Lower bound of black hole hair in pure Lovelock theory of gravity

TL;DR

This paper investigates the extent of black hole hair in pure Lovelock gravity, demonstrating that such hair always extends at least up to the photon sphere, regardless of dimension or Lovelock order.

Contribution

It provides the first analysis of the 'no short hair' conjecture within pure Lovelock gravity, establishing a universal lower bound for black hole hair extension.

Findings

Hair extends beyond the photon sphere in pure Lovelock black holes.

The extension of hair is independent of dimensionality and Lovelock order.

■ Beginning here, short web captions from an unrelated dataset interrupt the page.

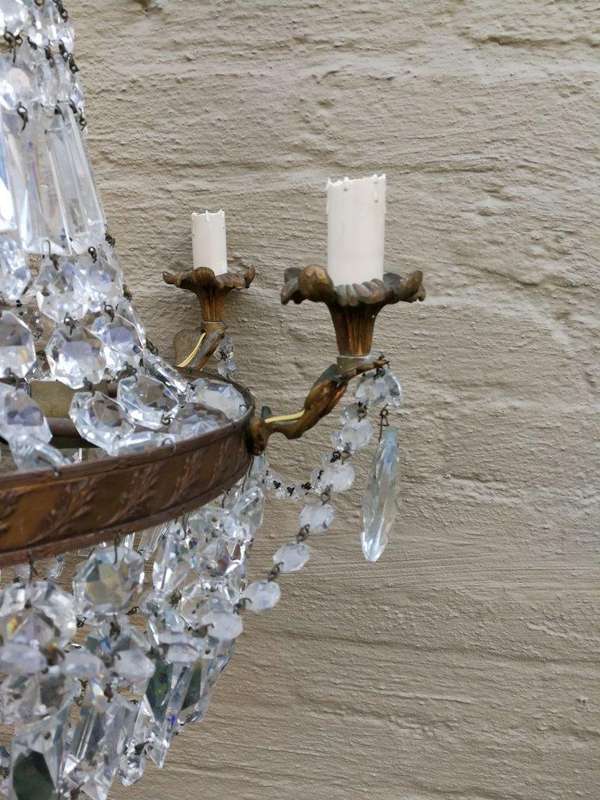 A 20th Century French Style Empire Brass and Crystal Chandelier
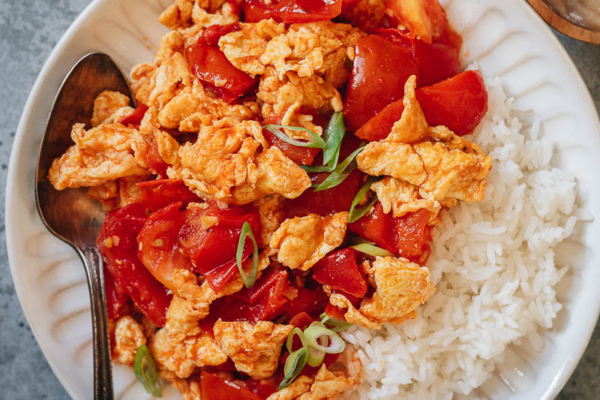 Tomato and egg stir fry served with steamed rice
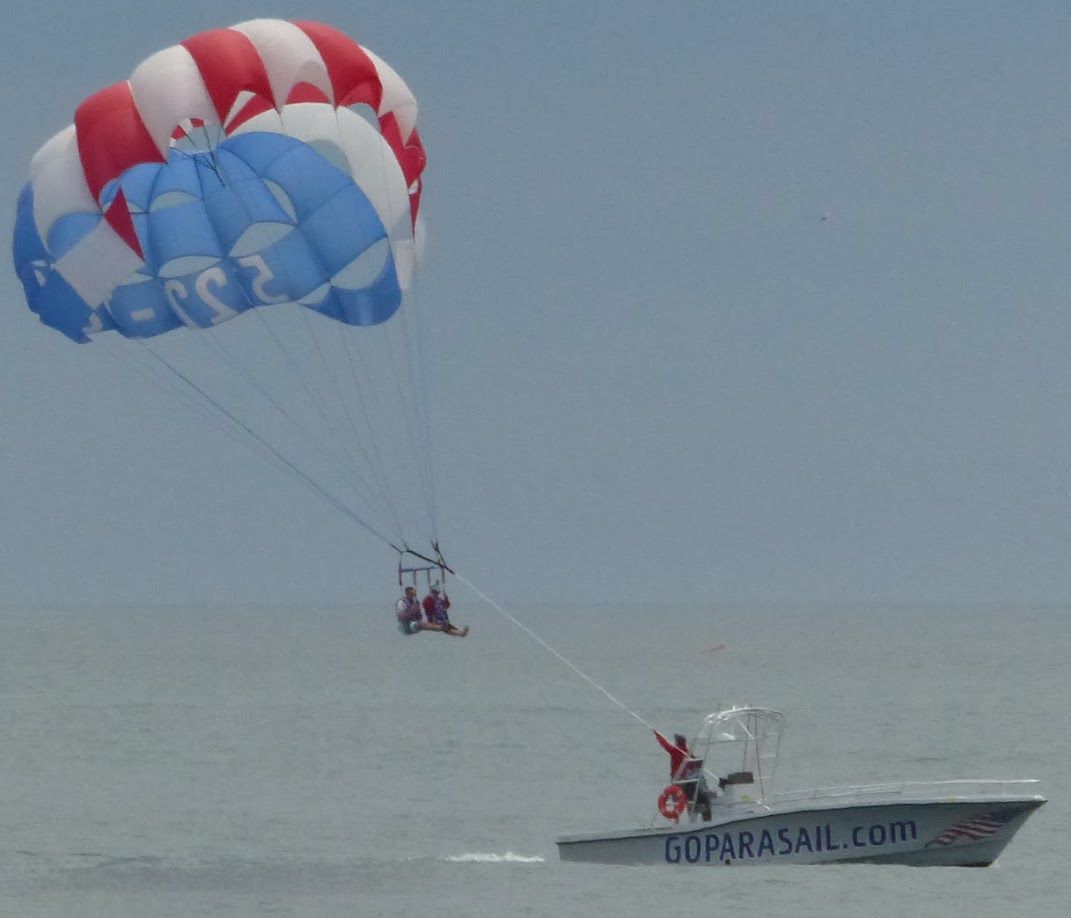 Stone Harbor Mayor Judith Davies-Dunhour parasails in to help open Stone Harbor's beach May 27.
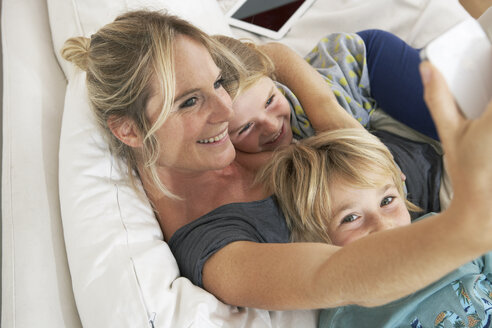 Glückliche Mutter, Tochter und Sohn auf der Couch machen ein Selfie - FSF000266
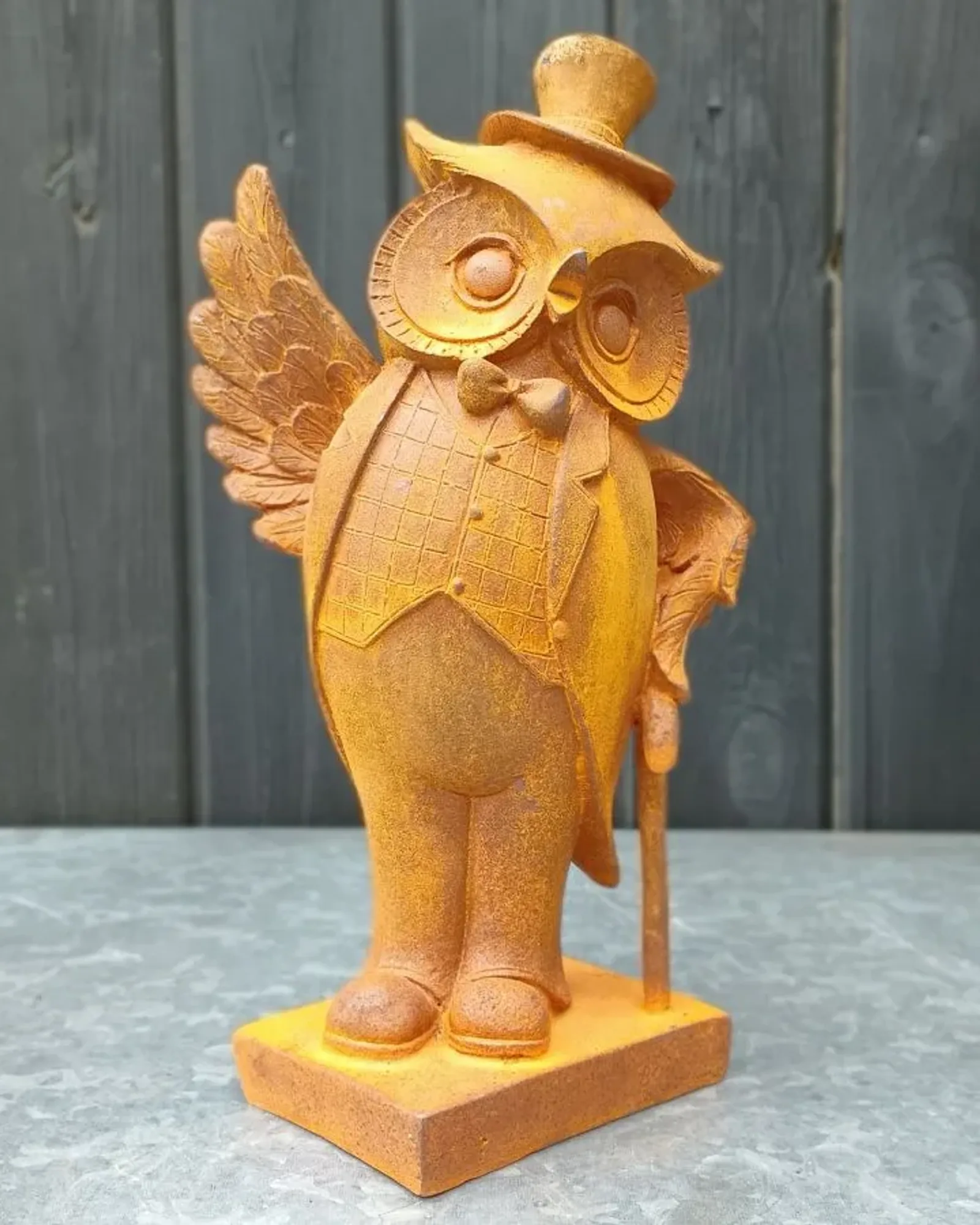 A rusted cast iron owl in a top hat, check waistcoat and bow tie, holding a cane, on a rectangular base against a grey timber wall.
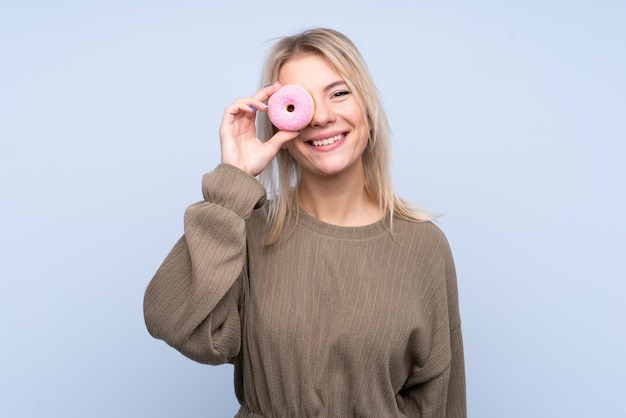 Jonge blondevrouw over geïsoleerde blauwe muur die een doughnut houden en gelukkig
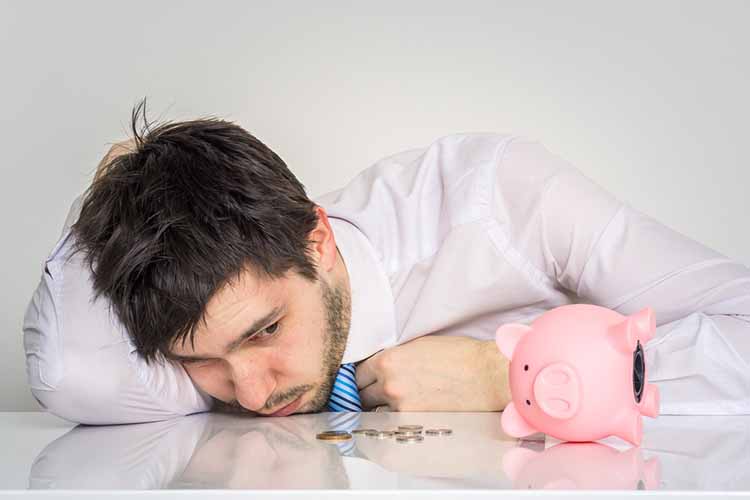 man worried with head on the desk and tipped over piggy bank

The 'no short hair' conjecture holds in pure Lovelock gravity.

Abstract

As an alternative to the "no hair conjecture," the "no short hair conjecture" for hairy black holes was established earlier. This theorem stipulates that hair must be present above 3/2 of the event horizon radius for a hairy black hole. It is assumed that the nonlinear behavior of the matter field plays a key role in the presence of such hair. Subsequently, it was established that the hair must extend beyond the photon sphere of the corresponding black hole. We have investigated the validity of the "no short hair conjecture" in pure Lovelock gravity. Our analysis has shown that irrespective of dimensionality and Lovelock order, the hair of a static, spherically symmetric black hole extends at least up to the photon sphere.